Why is a match-winning innings from Mohammad Ashraful so memorable? Because it happens once a year. It reads like a bad joke but Ashraful's inability to produce regular scores reflects the problem riddling Bangladesh's entire outfit - inconsistency.
In 19 innings since the heady heights of World Cup 2007, where Bangladesh beat India and South Africa, Ashraful has scored only two half-centuries. During that period, Bangladesh have won only three games, all at home against Ireland. It's a problem that their Australian coach Jamie Siddons, who took up the role in October 2007, is keen to address. He's making a beginning by "identifying the weaknesses with individual players".
"The reason they are inconsistent is that they've [Bangladesh's batsmen] got deficiencies in certain areas of their game," Siddons said. "My job is to identify those and then try to improve them. Basically give them new shots, find new ways of scoring against good bowlers."
Ashraful is one such example. Siddons felt opposition teams had worked him out, taking advantage of his short height to restrict his scoring. "He's now working on a cut shot which he never had before at international level. He generally let the ball go. We've worked on that and he's now using the cut in practice. Whether we will see it in international cricket straightaway I'm not sure. If he can produce a good cut shot then bowlers won't be able to give him that width or bowl that length to him."
For Ashraful it is the cut, for Tamim Iqbal and Shahriar Nafees it's the pull.
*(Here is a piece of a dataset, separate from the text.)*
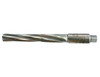 Sonnax 92835-RM Reamer Kit for 92835-18K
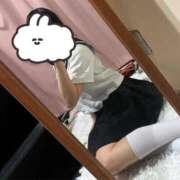 ヒメ日記 2025/09/29 23:57 投稿 雪宮 しおん 夜這い＆イメクラ 妄想する女学生たち 難波校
Siddons said the Bangladesh batsmen "think they've got to hit the ball in the air because they're restricted in their power. It's another thing we're working on. Every individual has different deficiencies. We've got to work on every one of them."
Bangladesh's last international assignment was a hugely disappointing tour of Pakistan, where they lost 5-0. Siddons candidly admitted it reflected Bangladesh's standing at the moment. "They're on a massive learning curve," he said. "They haven't had the grounding that other players have had in their first-class cricket. We know we've to improve our domestic cricket to get our players to be more competitive in international cricket."
A step in the right direction is persisting with some players irrespective of the immediate results. "That's the way we're going to move forward - by giving these guys confidence and experience at the international level," Siddons said. "They're learning new techniques. They're also getting more consistent. I can see it. I watch them daily; you see them in international cricket against good teams and see their failures."
After their showing at last year's World Cup, you'd have to think twice before labelling Bangladesh as minnows. Their results since then, however, haven't lived up to the promise they showed in the Caribbean. Siddons, though, is looking for consistency, not one-off wins brought about by an hour or two of Ashraful magic. He doesn't want Cardiff 2005 to be the highlight of Bangladesh's stint at the highest level. "Every time we play against Australia I want us to have a chance to win," Siddons said. "Not just because of something Ashraful does that's out of the box."